A problem even with accurate labeling is that it can be difficult to know exactly how green your purchases are. As a case in point, here is a good example of how even the most seemingly "black and white" green choices can sometimes take on the color and clarity of mud.
If you had to buy plastic bags to line your kitchen trash can, which of the following do you think would be the better choice? One hundred percent unrecycled content plastic bags, or bags made with 1/3 recycled material?
Apparently recycled plastic when used in plastic bags, does not result in bags of the same strength as the plastic bags made without any recycled content. Because of this, the recycled bags need to be made heavier, with a lot more unrecycled plastic, to have the strength consumers have come to expect. What happens is that the bags with the 1/3 recycled content end up sending more material to the landfill than the non-recycled bags. This is true even when you consider that 1/3 of the recycled bag content is being used twice before it goes to the landfill.
Here are the numbers: The weight of 100,000 plastic bags made from unrecycled plastic is about 1 ton. The weight of 100,000 plastic bags made with 1/3 recycled plastic is a little over 2 tons and actually contain more unrecycled plastic per bag, by weight, than the unrecycled bags. Why this is so, I don’t know, but this is apparently what is currently on the market. So what happens is the following. The bags made with no recycled plastic contribute 2,000 lbs of unrecycled waste to the landfill. The bags with 1/3 recycled content contribute 2,600 lbs of unrecycled material to the landfill.
If you think this explanation is confusing, then how are consumers going to keep track when at the grocery store? They can’t and might choose the bags with the screaming "Made From 1/3 Recycled Plastic" label, thinking they are making a green choice. Maybe they are making a green choice, maybe they are not. In any case if they want to choose the "recycled" bags, can they get around the fact that they also cost 1/3 more than the non-recycled bags? But that is a discussion for another day.

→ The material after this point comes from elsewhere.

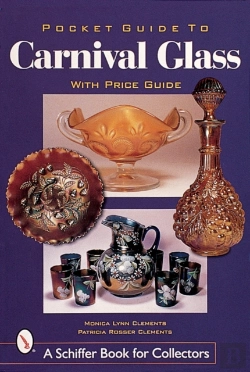 Bertrand.pt - Pocket Guide To Carnival Glass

Note that my intent is not to make light of attempts by plastic bag companies to market a greener product. I just think the product really needs to be what it claims, not just technically or semantically accurate. We need better, greener trash bags that don’t cost a lot more than conventional bags. We need to reduce waste going to landfills. We need to fund research to bring products like this to market at a price that makes the products a viable choice for cash strapped consumers.